L'altercation entre le wali d'Oran et une enseignante oranaise a été au centre d'une pénible rentrée scolaire, à la limite du soutenable. Par les commentaires acerbes, les insultes et les humeurs lourdes, elle s'est imposée comme une parfaite symbolique d'un bain boueux où les croisements des propos entre le social et le politique produisent des remous inévitables. Elle a été aussi et surtout celle d'une Algérie qui a très mal au tréfonds d'un corps n'ayant pas su digérer ni gérer un parcours cahoteux.

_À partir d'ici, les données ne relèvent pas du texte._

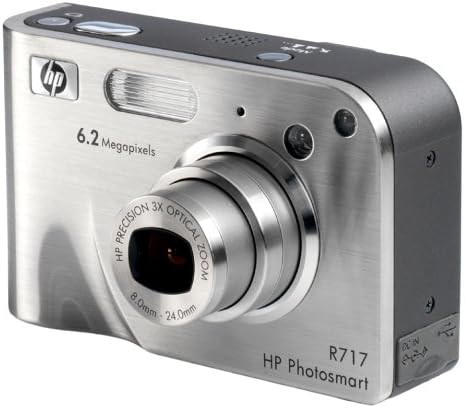 Цифров фотоапарат HP Photosmart R717 6,2 Мегапиксела с 3-кратно оптично увеличение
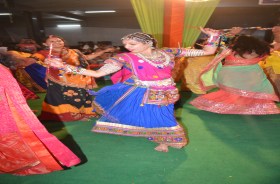 Dandiya-Garba-dipped city in bhilwara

L'infortuné wali ne disposait pas de réponse satisfaisante pour un état des lieux dont il n'est pas totalement responsable et son dos n'était pas suffisamment large pour supporter l'immense grief d'une enseignante qui s'est suffie d'une boutade pour mettre le doigt sur une énorme et multiforme tare dans laquelle le pays est englouti. Du bout des lèvres de l'éducatrice, et en ne lui accordant aucune consistance bien réfléchie, son retour à la période coloniale s'est engouffré dans une panoplie de travers avec lesquels le pays n'en a pas fini. En commis, le wali n'avait d'ultime recours que de s'abriter derrière un patriotisme devenu aujourd'hui presque fantasque et déluré quand il s'oppose à un manque de tables, d'eau de javel ou de craie. Bien que l'interpellation spontanée de l'enseignante ne comporte pas d'insinuation calculée avec un vocable tarabustant une histoire nationale, elle s'est vite inscrite, grâce aux réseaux sociaux, sur un important registre qui a secoué l'Algérie entière.

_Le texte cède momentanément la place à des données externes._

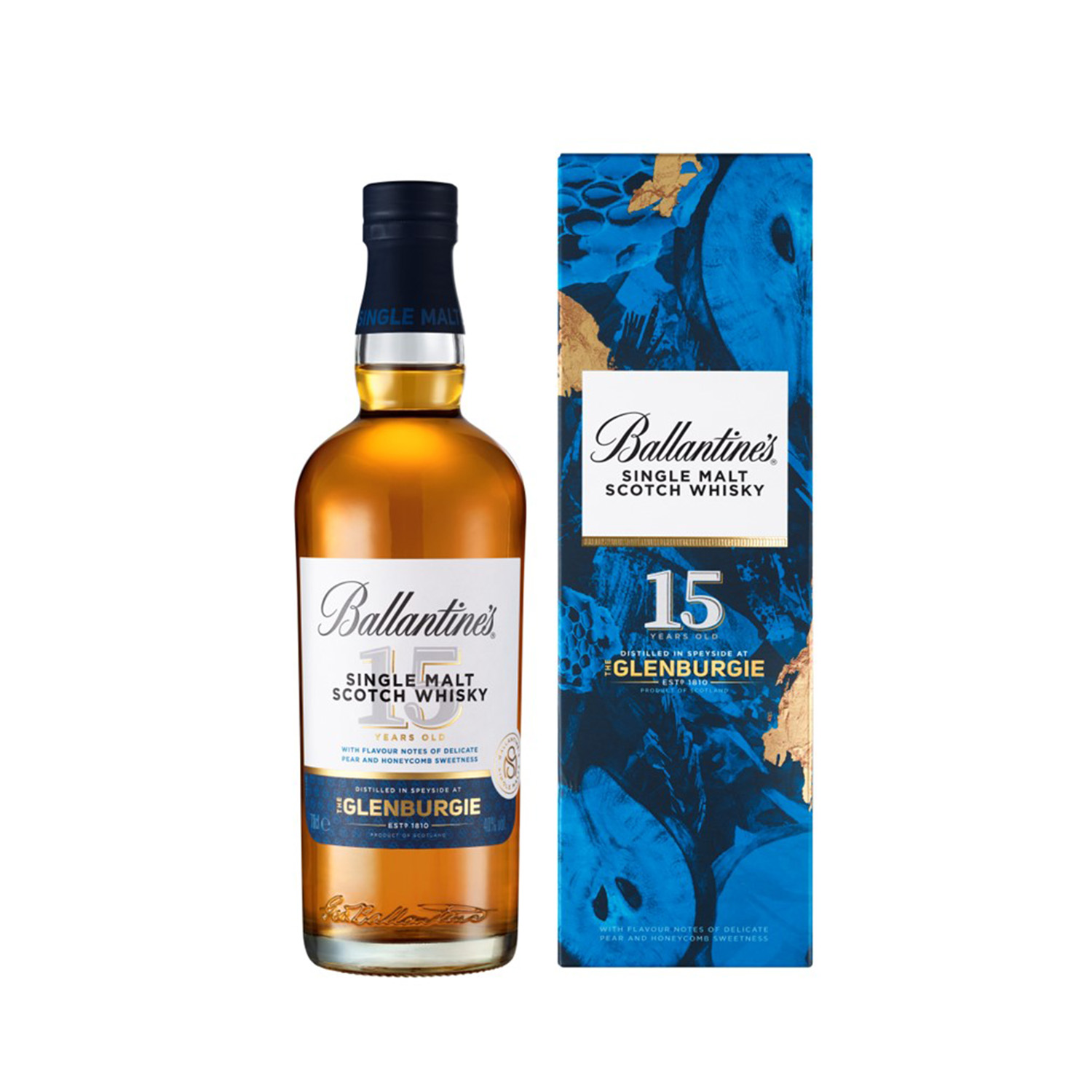 BALLANTINE'S 15 Years Old Single Malt Glengurgie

Que le gouvernement lui-même s'en inquiète et se voit obligé de tempérer les colères est l'indication d'une dichotomie entre un peuple et ses dirigeants et donne un aperçu sur l'énorme difficulté des tâches à entreprendre pour trouver un langage commun. Raccommoder la confiance par le pouvoir pour aller ensemble de l'avant n'est pas œuvre facile. Certains ont décidé de verser dans la vocifération perpétuelle. D'autres se nourrissent de pondération allant jusqu'à rappeler à l'enseignante que l'Etat lui a garanti le salaire de huit mois de repos et que s'arrêter à une histoire de table ne serait qu'un rot gratuit. Entre les deux, il s'agirait plutôt d'un large tableau noir à effacer.